Let’s do some more, simple code.
First, let’s create a list.
# Creates a list and puts it into variable 'x'
x <- c(5,6,7,8,9)
Hit control return on that line. You see it show up in the console below. And you should see “x” in the 3rd tab to the right.
Let’s break this down.
x is the variable. You could call it anything.
<- is the way to assign things to other things. You can use “=”, but for some reason that’s frowned upon. Best to stick to one way.
c( is what tells R that whatever is between two parenthesis is a list.
5,6,7,8,9 is the list. And you need to make sure you close the parenthesis.
OK, so we have a list of things. We can access the whole thing by just typing “x” and hitting control return.
# let's see what's saved in the variable "x"
x
## [1] 5 6 7 8 9
You can access just the first number, or the last. And do math.
# The first item in the list x
x[1]
## [1] 5
# The last number in the list x
x[5]
## [1] 9
# This should add up to 14
x[1] + x[5]
## [1] 14
There’s other things we can do with that list too, like find the mean or average
# find the mean of something
mean(x)
## [1] 7
If you’re not sure how something works, you can always ask for help by putting a “?” in front of a function, like this:
# What does mean do?
?mean
The help file shows up in the 4th panel to the lower right.
There’s more to all this than can be contained in a quick start guide. Here’s two resources for you to learn more:
Swirl is a set of interactive - free - tutorials that will take you through the basics of learning R and R-studio. http://swirlstats.com/ To install it, type: install.packages("swirl")
in the R console. It’ll download and install it for you.

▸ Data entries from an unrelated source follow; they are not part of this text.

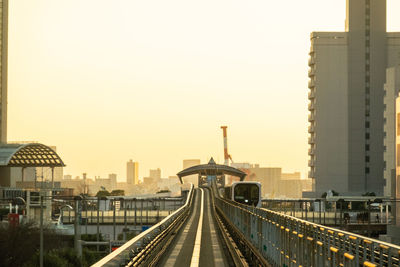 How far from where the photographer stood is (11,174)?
172m

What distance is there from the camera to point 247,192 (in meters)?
67.4

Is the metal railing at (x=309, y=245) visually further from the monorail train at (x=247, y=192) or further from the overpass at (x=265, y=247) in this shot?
the monorail train at (x=247, y=192)

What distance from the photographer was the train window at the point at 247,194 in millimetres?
66438

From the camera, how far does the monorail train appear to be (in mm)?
66375

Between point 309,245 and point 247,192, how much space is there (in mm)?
51801

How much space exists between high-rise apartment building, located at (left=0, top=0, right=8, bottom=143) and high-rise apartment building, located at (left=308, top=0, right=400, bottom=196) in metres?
76.1

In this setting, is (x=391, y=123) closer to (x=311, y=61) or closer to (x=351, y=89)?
(x=351, y=89)

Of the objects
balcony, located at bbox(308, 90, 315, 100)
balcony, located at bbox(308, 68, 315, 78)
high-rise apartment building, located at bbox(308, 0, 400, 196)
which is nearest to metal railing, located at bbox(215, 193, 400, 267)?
high-rise apartment building, located at bbox(308, 0, 400, 196)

To run swirl, type: library(swirl)
and that will activate the tutorials.
I also recommend this Udemy class: https://www.udemy.com/r-programming/
If you’ve never done a Udemy class, the first time you go to their website and look at a specific class, it’ll offer that class to you for a drastically reduced price. This r-programming class was only $10.
I did both, but if I had to choose I would say the 10$ was well spent on the Udemy class. The Swirl tutorials were kind of clunky.